Transparency International Bangladesh has called for a fresh environmental assessment involving international experts for the proposed Rampal Power Project.
The call came from the annual meeting of the anti-graft agency held at its auditorium in the capital on Thursday. An EIA prepared in August 2013 by the government’s Centre for Environmental and Geographic Information Services that gave the green light to the project is widely considered to be flawed.
‘Once the coal-fired power plant is set up near the Sunderbans without an acceptable and fair environmental assessment, it will welcome havoc into the mangrove forest,’ said TIB executive director Iftekharuzzaman.
The proposed 1320 MW power station is a joint venture between Bangladeshi and Indian companies. Environmentalist claim that the Rampal power plant will pose a threat to the Sunderbans in various ways as it is located just 4 kilometres outside the designated Ecologically Critical Area of the world’s largest mangrove forest.
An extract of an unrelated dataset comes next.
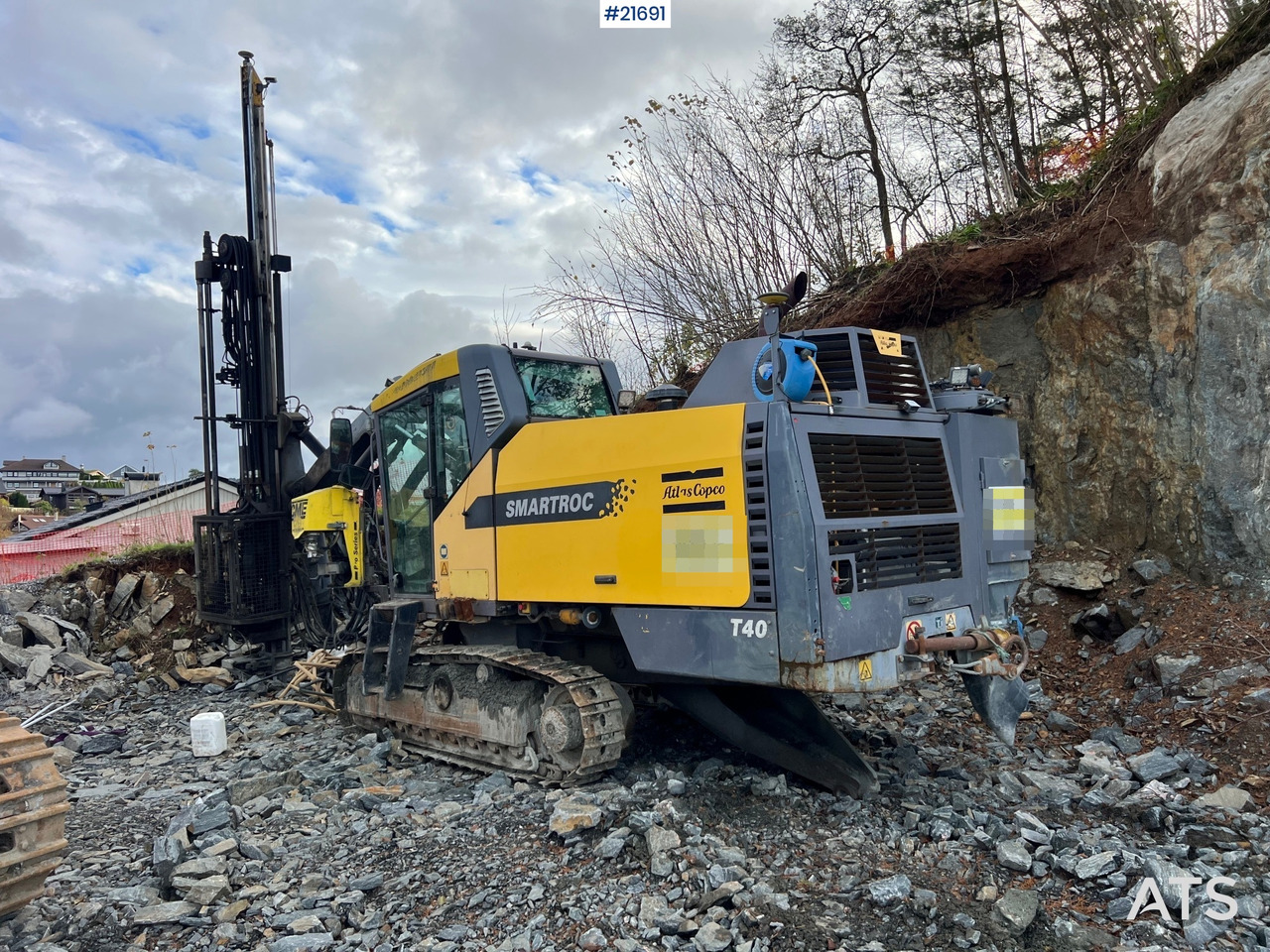 Leasing de Atlas Copco Smartroc T40-11 borerigg m/2540 hammer,CME sliper og gps Atlas Copco Smartroc T40-11 borerigg m/2540 hammer,CME sliper og gps: foto 8 Leasing de Atlas Copco Smartroc T40-11 borerigg m/2540 hammer,CME sliper og gps Atlas Copco Smartroc T40-11 borerigg m/2540 hammer,CME sliper og gps: foto 8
The plant is expected to produce 750,000 tonnes of fly ash and 200,000 tonnes of bottom ash a year, according to an earlier environmental impact assessment.
On persistent corruption in the country, the TIB chief said the main work of his organisation is to raise its voice for strengthening legal procures so that the Anti-Corruption Commission, judiciary and law-enforcing agencies can play their respective duties properly in checking graft.
TIB members lamented that the country’s present administration is getting ‘intellectually crippled’ due to unethical hiring practices, including bribes and nepotism.
They demanded the ACC and other government agencies work independently and neutrally to cut corruption in the society and establish democracy, good governance and human rights.
TIB trustee board chairperson adv Sultana Kamal and its member Mohammad Shamsuuddin, among others, spoke at the meeting.